Noutayel: La force de l’immobilité

Une grande passion qui se révèle avec talent et créativité. Noutayel, sculpteur mécanique, s’ingénie à exprimer à partir de métaux «les émotions humaines, les tensions affectives et les questions métaphysiques qui palpitent au cœur de tous les arts». Son imaginaire remonte loin dans l’art cinétique. Ses œuvres, petites et grandes, ont émerveillé à chacune de ses expositions à Tunis, Paris, Dubaï, Vienne où Le Caire. Elles font désormais le bonheur des visiteurs du Centre des Arts Jerba, ainsi que de la Maison Casabo, Sidi Bou Saïd.

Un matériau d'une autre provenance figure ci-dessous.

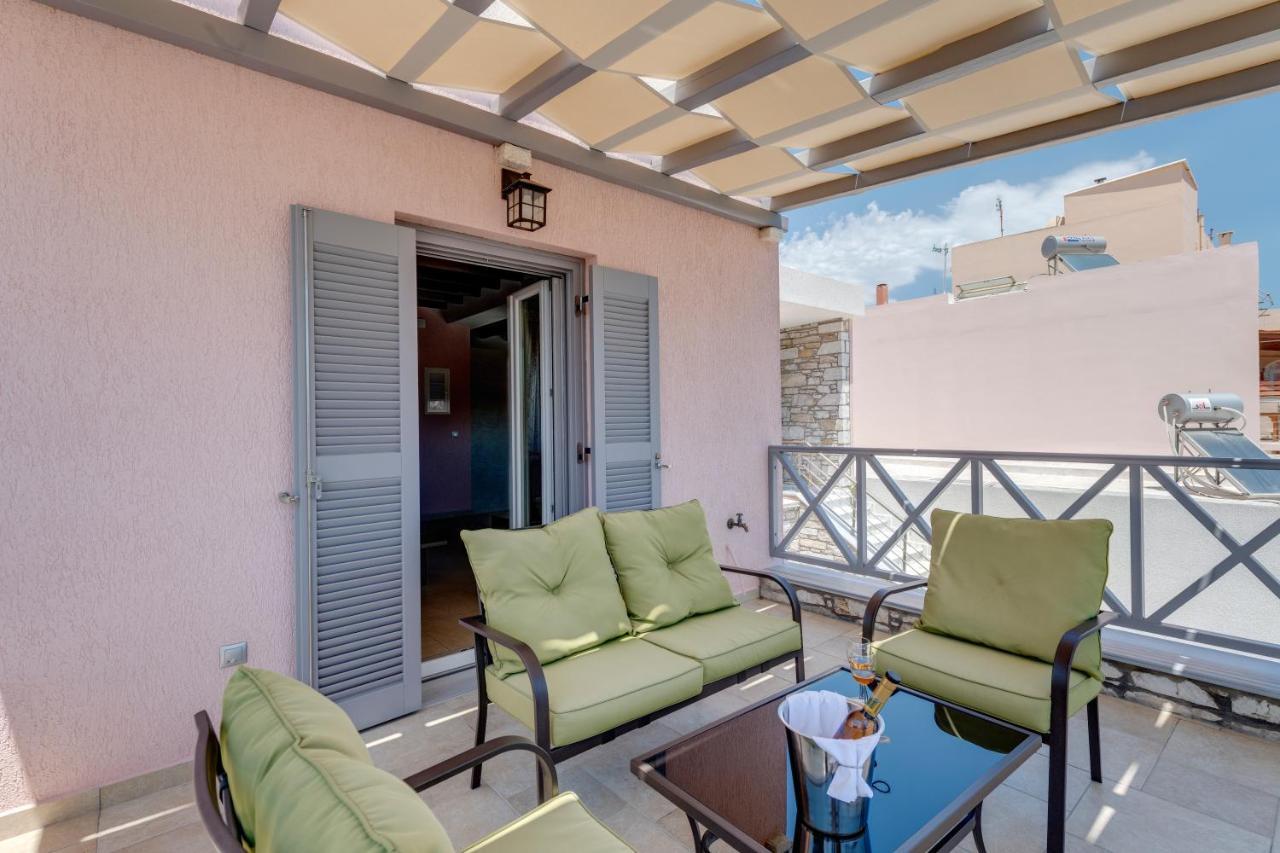 Takis Guesthouse- Laoura-Hermoupolis Bagian luar foto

La véritable découverte de Noutayel et de son œuvre, nous la devons à Feryel Lakhdar qui lui consacre un très beau livre d’art, illustré par des photos de Hichem Driss, au «précieux regard, sensible et rigoureux». Cet ouvrage, intitulé Noutayel, Forces, publié en collaboration avec le Centre des Arts Jerba, et avec l’appui de la BTL, offre, sur près de 200 pages grand format, une immersion merveilleuse en textes et images dans un univers des plus captivants. Les textes sont en français et en anglais, les images sont dans les reflets, l’instabilité, l’équilibre, le mouvement difficile à figer.

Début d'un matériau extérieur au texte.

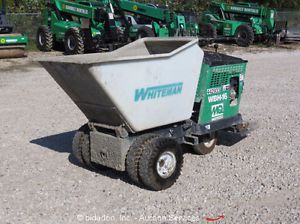 2012 multiquip wbh-16f ride on self propelled concrete buggy whiteman for sale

Feryel, artiste-peintre de renom, qui confirme de beau livre en beau livre son talent d’éditrice, dévoile une plume bien trempée dans l’histoire de l’art, l’interrogation des œuvres, l’analyse de la métaphysique. Son livre vient en notes successives intitulées «bestiaire mécanique», «mouvement», «équilibre» et «inertie». Elle part à la recherche dans l’œuvre de Noutayel «de la poésie dans le mouvement des rouages», «le passage du monde mécanique au champ infini de la création», «une époque où la mécanique finit par sembler plus humaine dans un monde de plus en plus dématérialisé par l’ère de l’électronique»…
Au gré des chapitres, comme pour marquer une pause entre la puissance des œuvres, un texte vif, dense, incisif, et forgé lui aussi par Feryel Lakhdar dans le feu et le métal, interpelle le lecteur. Et si le mouvement n’était autre que la stabilité ? Et est-ce là «la force de l’immobilité» ? Aussi dur qu’il soit, le métal qui passe sous le feu de Noutayel devient palpitant.
Quel immense talent !
Fadhel Jaziri qui y a cru, Hichem Driss pour les photos, Mouna Mestiri pour le design, et toute l’équipe réunie par Feryel Lakhdar dans ce «projet», qu’elle a porté de bout en bout, méritent hommage.
Bonnes feuilles
Forces
Dieu créa toute chose par des chiffres, des poids et des mesures
Isaac Newton
Il y a de l’antre ou de la grotte dans l’atelier de Noutayel, quelque chose du Vulcain dans le pas balancé de l’artiste quand sa silhouette massive enjambe la ferraille qui jonche le sol d’un fatras de métaux à transformer.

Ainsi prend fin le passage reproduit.